How To Work On Your Training Weaknesses

How To Work On Your Training Weaknesses


How To Work On Your Hybrid Training Weaknesses

My favourite thing about Hyrox?

You will always been good at something!

Likewise, there will also be something you could work on!

Chances are, there will be always be something that you would consider a weakness.

So how to prioritise this in training?

Well, the key isn’t to completely stop doing ‘everything else’ and do tons of our weakness.

This way, or strengths become our weakness, and weakness become our strengths.

This is where I went wrong after my first race.

My sled push was decent, my sled pull and burpees were not.

I went away and nailed anything and everything that would improve my sled pull and burpees.

Deadlifts, box jumps, devil press, kettlebell swings, you name it!

I had to make them feel easier on the day if I were to get a better time.

And it worked! These 2 stations felt a lot easier.

But all of sudden, the sled push felt super heavy!

So I realised there and then, there has to be moderation between strengths vs weaknesses.
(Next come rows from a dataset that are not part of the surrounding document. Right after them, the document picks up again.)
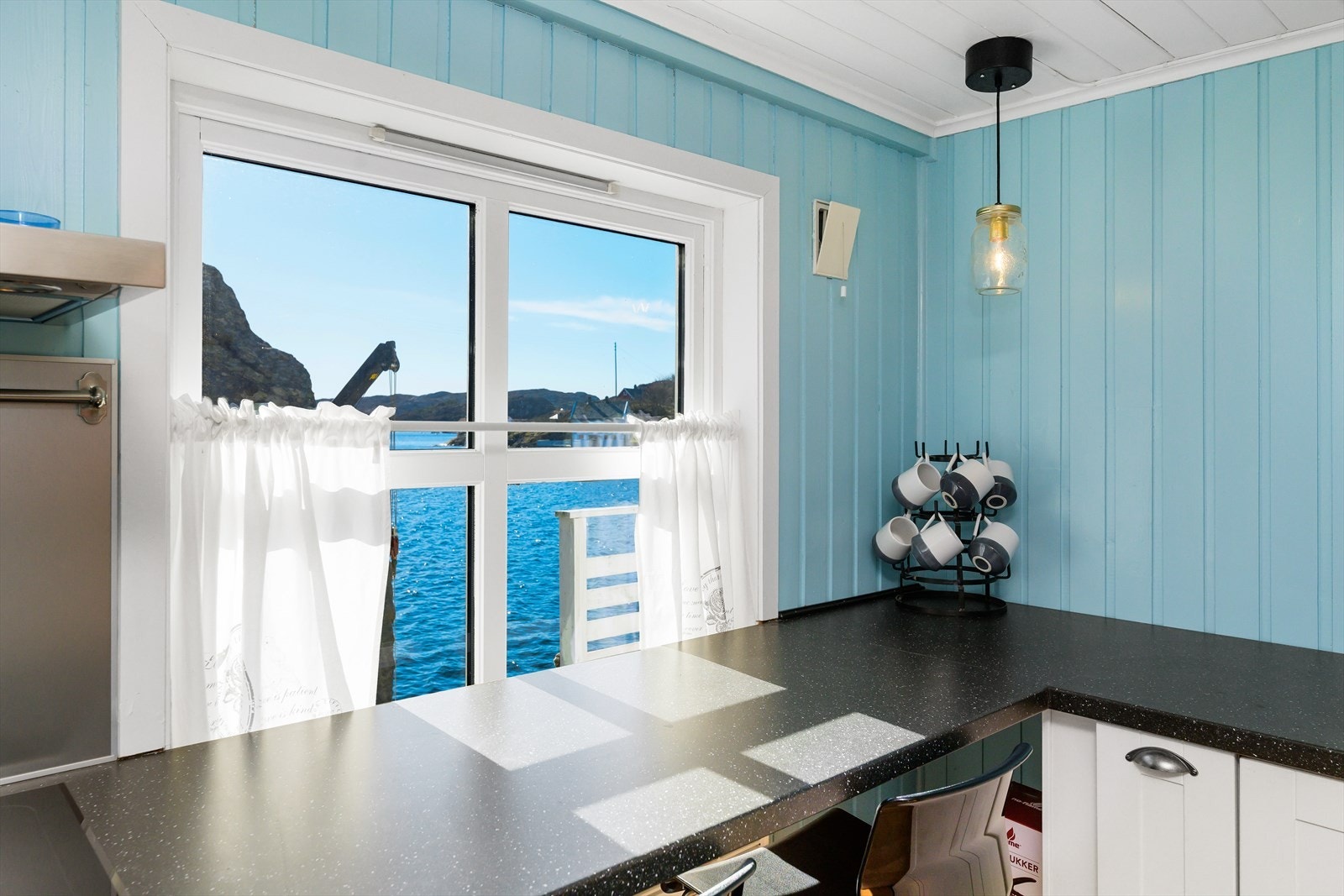 Her kan du lage middag eller spise frokost med sjøen som bakgrunn. Galleribilde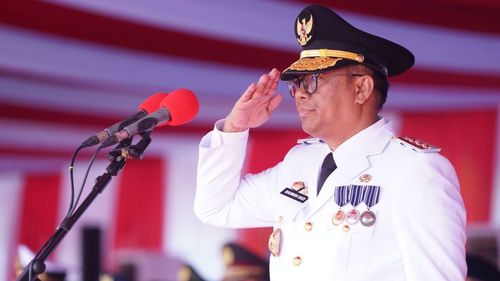 Pj Gubernur Riau Sampaikan Fokus dan Capaian Pembangunan Riau pada Peringatan HUT Ke-79 RI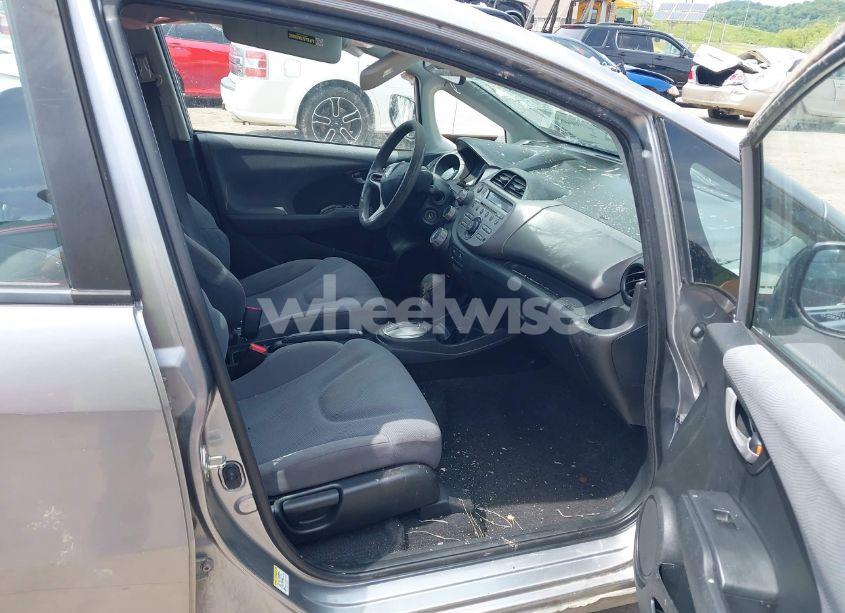 Photo 5 of 2010 Honda Fit (VIN JHMGE8H21AC029882)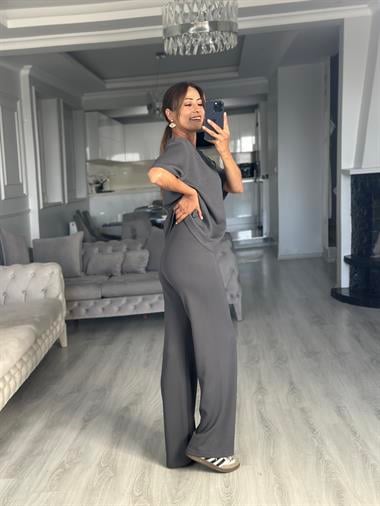 Antrasit İthal Kumaş T-Shirt Cepsiz Pantolon Kadın İkili Takımı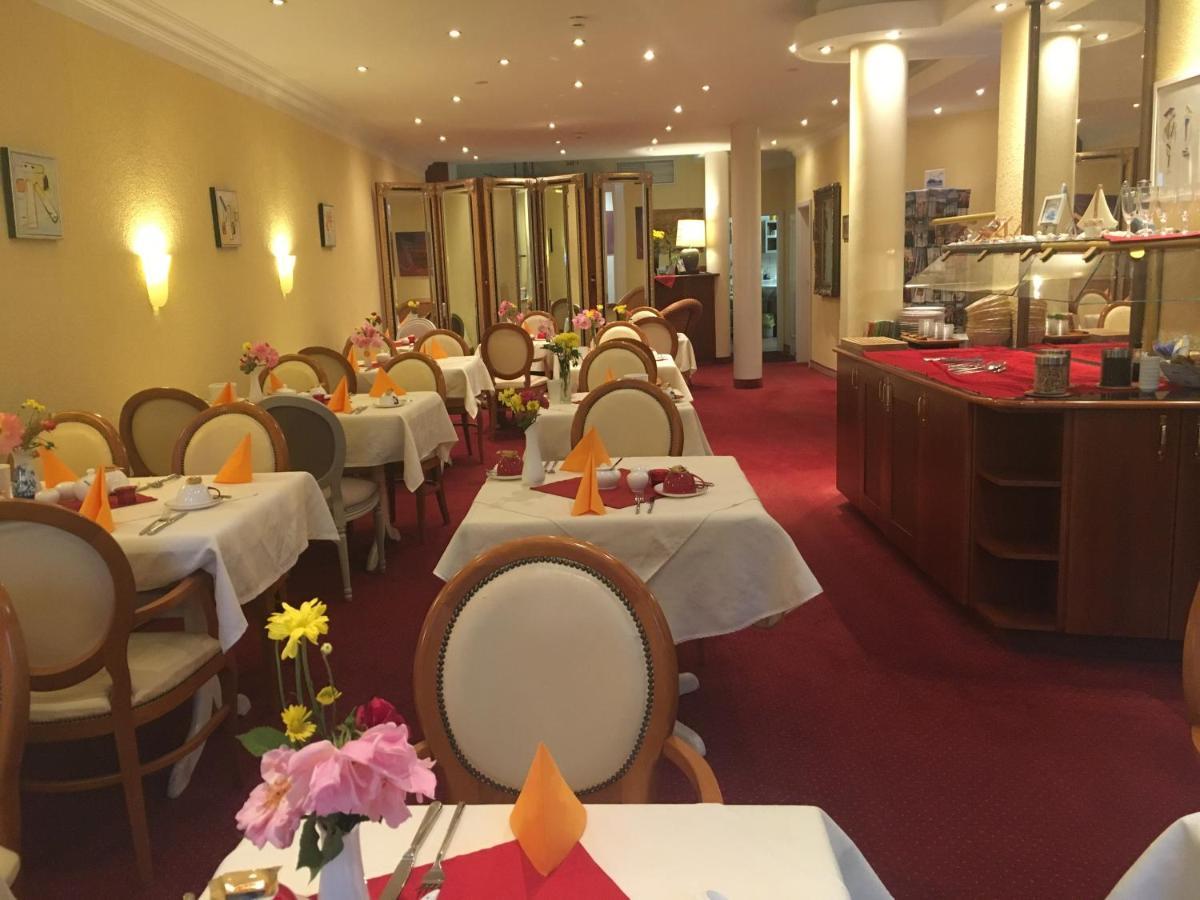 Hotel Garni Wiestor อูเบอร์ลิงเงน ภายนอก รูปภาพ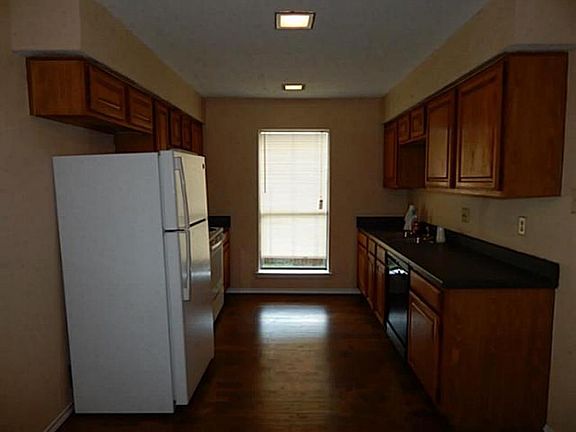 5th image of 2606 W Wentwood Dr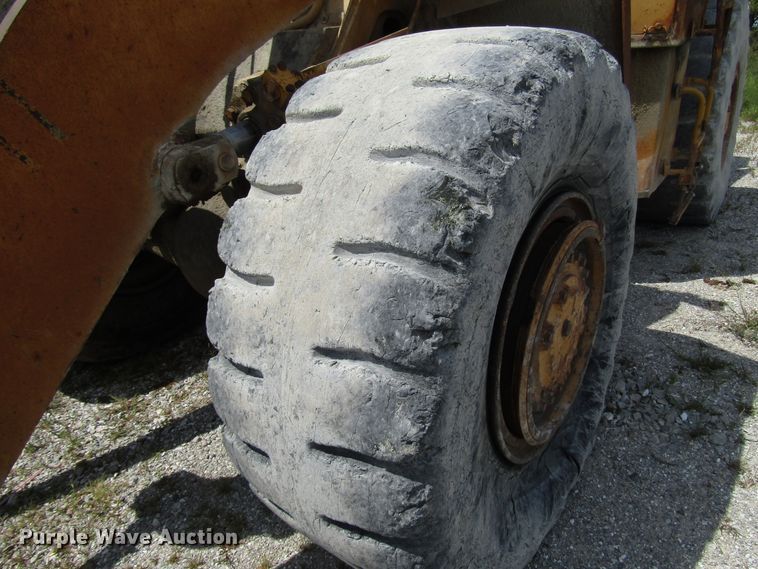 image for item DG8031 1983 Caterpillar 966D wheel loader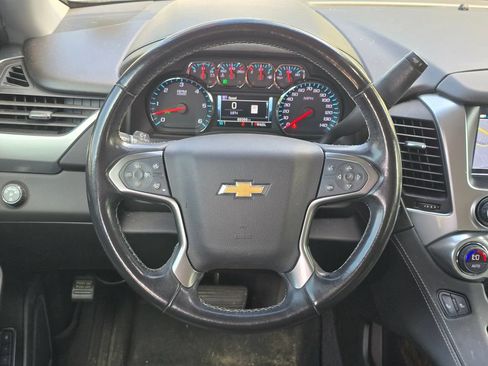 Used 2020 Chevrolet Suburban LT RWD image 7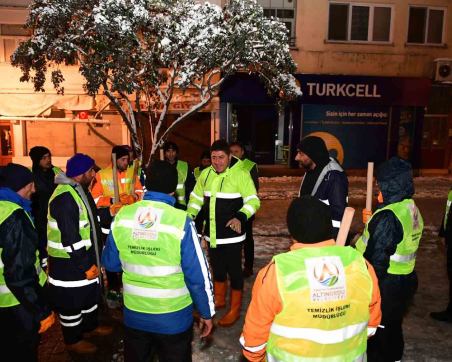 BAŞKAN TÖREN, SAHADAKİ ÇALIŞMALARI YERİNDE İNCELEDİ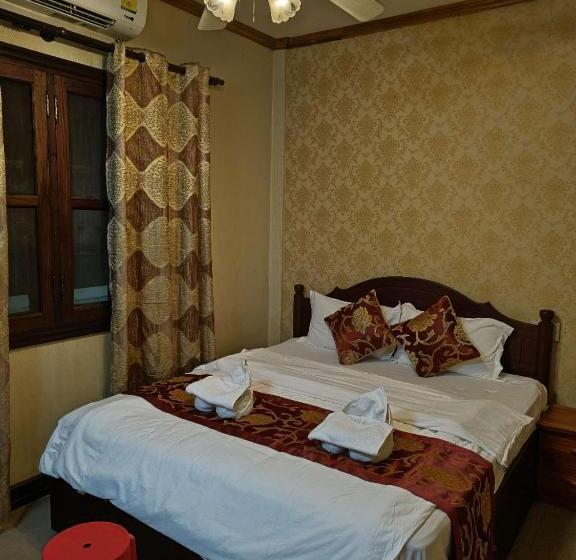 Shuya Hotel 舒雅酒店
This is the formula I use to build weaknesses but maintain strengths:

The 2:1 method.

You should be doing double the amount of work on your weakness to your strengths.

But this doesn't mean completely ignoring your strengths!

What does this look like in practice?

Let’s say you struggle with burpees and lunges, but your sled push is OK!

Over the course of a week, include 2 conditioning protocols centred around lunges and burpees, maybe one of a moderate intensity and one in a compromised state.

Then, make sure you’re including at least one block of quality sled push within that training week.

This will allow us to hit the minimum effective dose to maintain our strength, but substantially prioritise our weakness.

 

Do this over the course of a full training programme, and you’re guaranteed to build up your weakness just simply through frequent exposures to it and progressive overload!